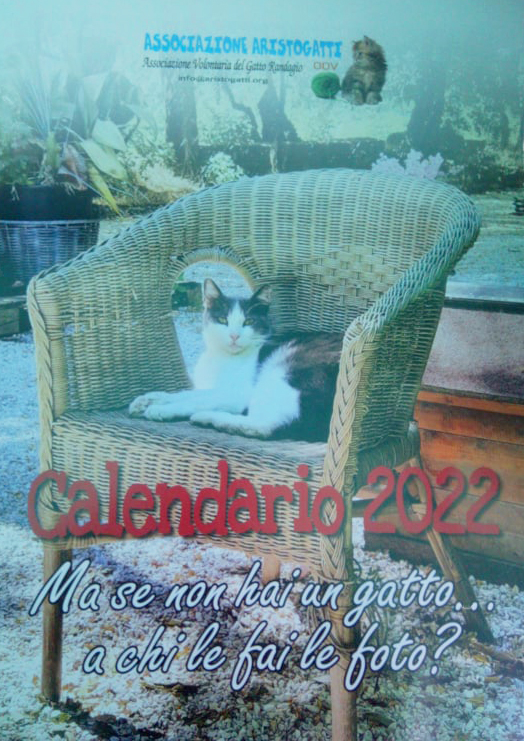 Calendario Gattile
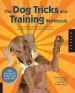 Audiobook The dog Tricks and Training Workbook: A Step-By-Step Interactive Curriculum to Engage, Challenge, and Bond With Your dog author Kyra Sundance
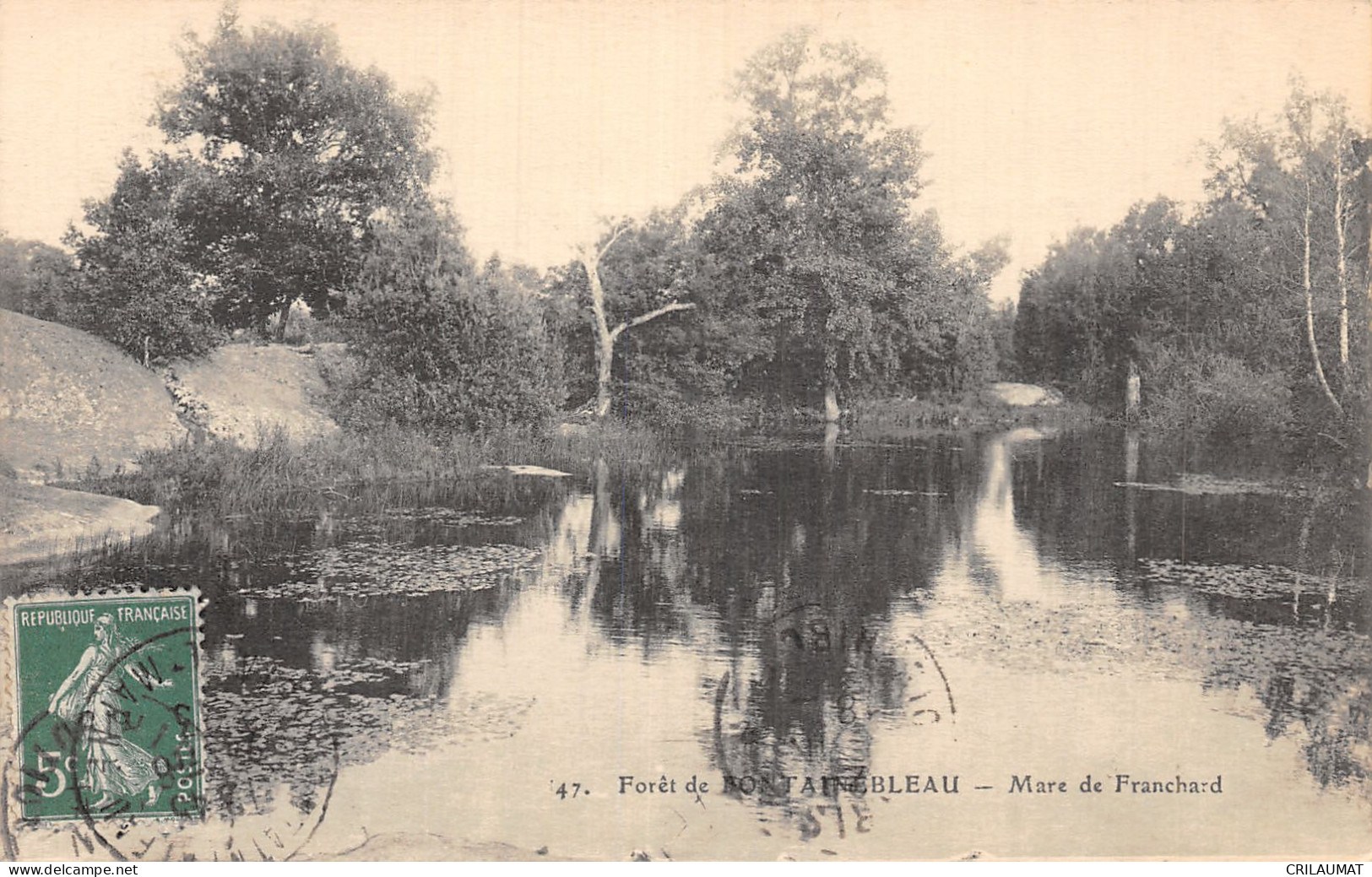 77-FONTAINEBLEAU LA FORET-N°5136-G/0373 - Fontainebleau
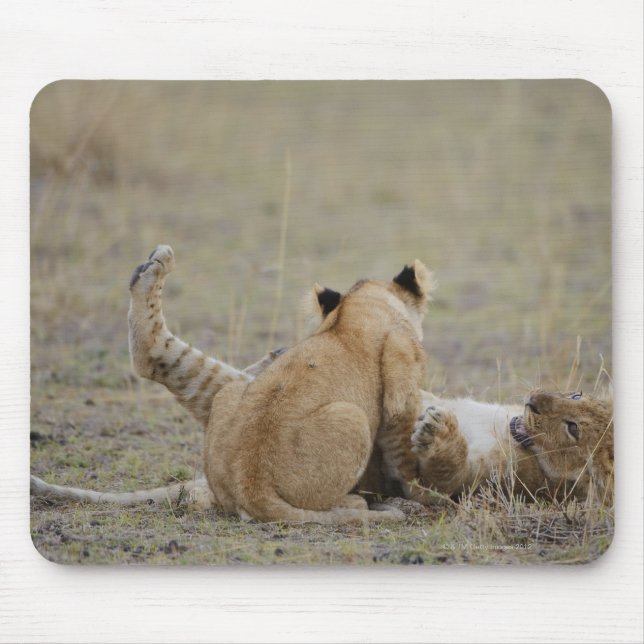 Löwen (Panthera leo), Grasjungen, Masai Mousepad (Vorne)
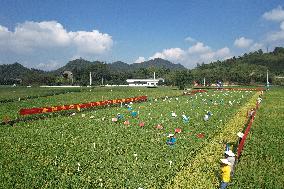 Seed Inspection in Hangzhou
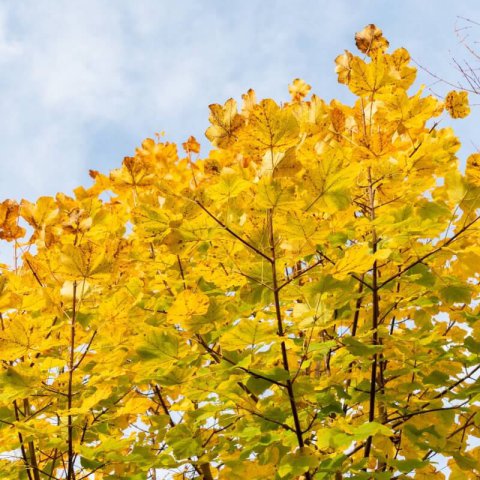 ACER OPALUS - Acir�n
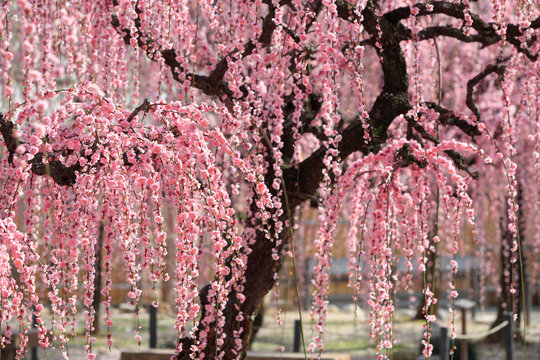 7 422 Best 綺麗 ピンク 春 枝 Images Stock Photos Vectors Adobe Stock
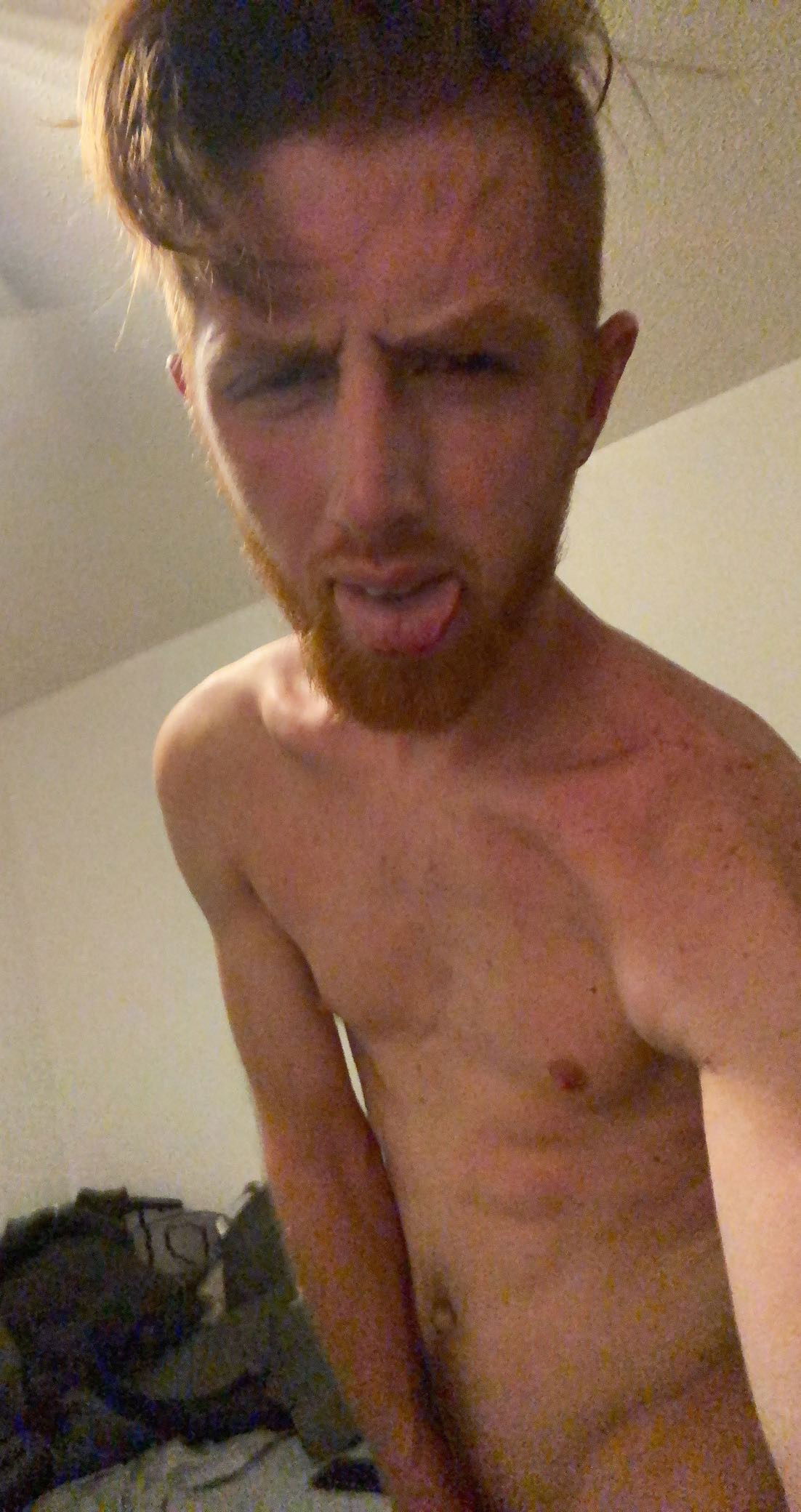 That Ginger's avatar
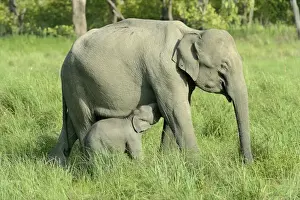 Asian Elephant (Elephas maximus indicus) adult female and calf, suckling, standing in grassland, Jim Corbett N. P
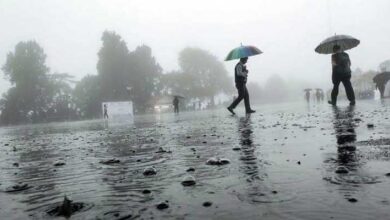 झमाझम बारिश से बदला मौसम का मिजाज, 48 घंटे तक भारी बारिश की चेतावनी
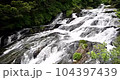 川の流れ 104397439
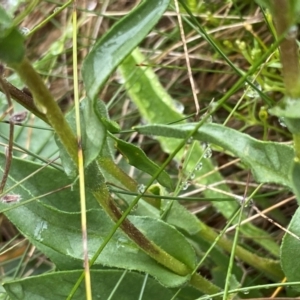 Craspedia crocata at Namadgi National Park - suppressed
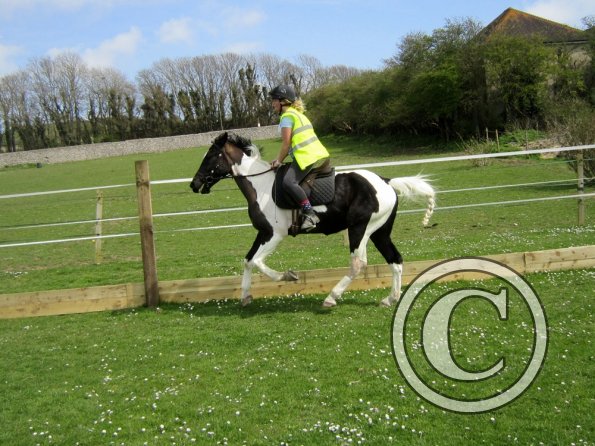 Jade lesson on JD (10)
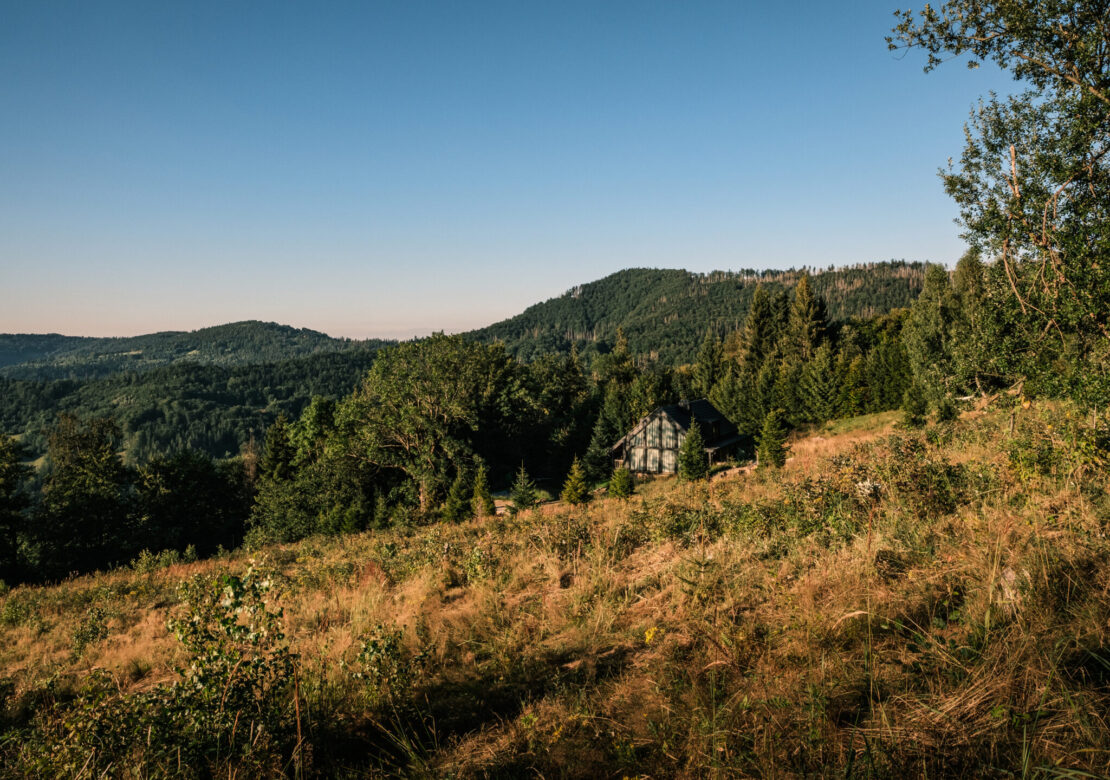 Pytlorka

- - -

EXERCISE REQUIREMENTS: All lines from the beginning of the material above through the line holding "ACER OPALUS - Acir�n" are to be given again exactly, and no others; pictures do not go in.

FINISHED EXERCISE:
 Calendario Gattile
 Audiobook The dog Tricks and Training Workbook: A Step-By-Step Interactive Curriculum to Engage, Challenge, and Bond With Your dog author Kyra Sundance
 77-FONTAINEBLEAU LA FORET-N°5136-G/0373 - Fontainebleau
 Löwen (Panthera leo), Grasjungen, Masai Mousepad (Vorne)
 Seed Inspection in Hangzhou
 ACER OPALUS - Acir�n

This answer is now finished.